Review Summary: All about that bass
I think it is important to clue you in as to who exactly Extinction Level Event is and why they are 'unique'. They have a drummer. They have a vocalist. And they have a bass player. Sorry, they have THREE bass players. For those of you thinking the joke couldn't get any worse, they have adequately labeled themselves as 'Clank', a sub-genre of a sub-genre known as 'Djent'. Which, in itself, is hardly considered a sub-genre by many in the metal community. I am struggling to write this review with a straight face thus far but I must push on.
If any of you have ever heard the song 'Hell Below' by Periphery (which I believe involves guitars drop-tuned over a whole octave below standard tuning), you may have an idea as to how this album might sound, minus the clean vocals. The sound is thick, chunky, slow, and crushing. Every song uses odd time signatures and poly-rhythms. The bassists also seem for the most part, entirely unaware that their instruments carry more than one string. But based on the ridiculous levels of LSD that must have plagued the studio during the planning for this album, it is of no surprise. As silly as the concept of this release is, Extinction have crafted an album that has a surprising level of depth to it. While it is your standard, Djent (or should I now say Clank?) affair, the bass tone and a small, yet clever use of atonal dissonance keeps The Catalyst an interesting, albeit doltish listen.
The production on this album is clean; as seem to be all, modern, Meshuggah-influenced releases. The vocalist also seems heavily influenced by Meshuggah; a near mirror of the work portrayed on Koloss with a little more treble and a little less beard. Which I would assume is the balance for the ridiculous amounts of man-fur blasting out of the three bass guitars. The bass guitars have been mixed into The Catalyst very well, every bass audible when playing separately, yet chunky as cheese when uniform. The drums, while unexceptional in technicality, are punchy and don't sound overly produced.

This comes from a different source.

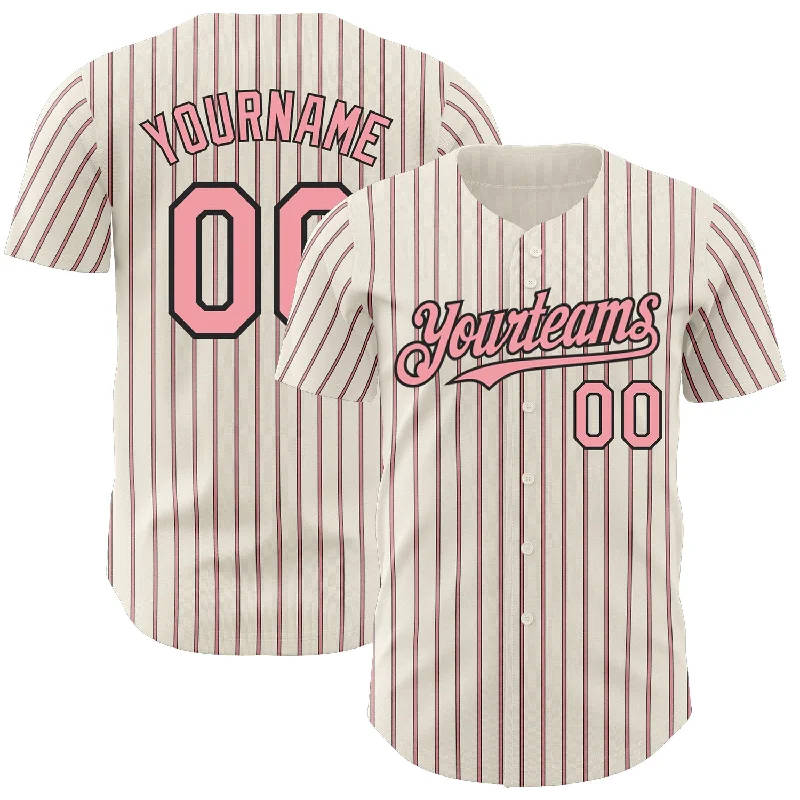 Custom Baseball Jerseys For Regional Tournaments-Custom Cream (Black Medium Pink Pinstripe) Medium Pink-Black Authentic Baseball Jersey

It is hard to review an album that was designed as a joke (if you haven't seen Extinction's music video for 'Entropy', take a look with an open mind), yet ultimately has been executed as a serious product. In a nutshell, it is an unreleased, drop-tuned, down-tempo'd, Meshuggah album (generalizing a little). It doesn't do anything particularly wrong, or original, or great. It does, however, provide a good laugh for anyone open to something completely silly and will most definitely leave a place shaking when blasted through a sub or two. And it will most certainly get Glenn Fricker's panties in a twist.